-- SUPPLIED MATERIAL follows --

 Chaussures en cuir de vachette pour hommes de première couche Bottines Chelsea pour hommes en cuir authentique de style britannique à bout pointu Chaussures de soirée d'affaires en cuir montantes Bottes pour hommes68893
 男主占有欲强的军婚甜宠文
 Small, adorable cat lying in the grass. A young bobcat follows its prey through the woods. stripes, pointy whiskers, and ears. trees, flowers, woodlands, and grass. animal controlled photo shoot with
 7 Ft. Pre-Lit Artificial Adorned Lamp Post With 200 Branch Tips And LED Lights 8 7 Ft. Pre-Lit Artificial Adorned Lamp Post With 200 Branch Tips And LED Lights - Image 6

-- SUPPLIED MATERIAL concluded --
-- SUPPLIED MATERIAL follows --

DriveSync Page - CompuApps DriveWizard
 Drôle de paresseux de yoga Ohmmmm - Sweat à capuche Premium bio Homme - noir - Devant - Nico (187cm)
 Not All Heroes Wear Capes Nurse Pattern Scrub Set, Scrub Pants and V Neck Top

-- SUPPLIED MATERIAL concluded --

-- TASK REQUIREMENTS --
Above are the entries. Copy exactly the part that opens with the line containing "DriveSync Page - CompuApps DriveWizard" and closes with the line containing "Not All Heroes", and no more.

-- RESULT BELOW --
DriveSync Page - CompuApps DriveWizard
 Drôle de paresseux de yoga Ohmmmm - Sweat à capuche Premium bio Homme - noir - Devant - Nico (187cm)
 Not All Heroes Wear Capes Nurse Pattern Scrub Set, Scrub Pants and V Neck Top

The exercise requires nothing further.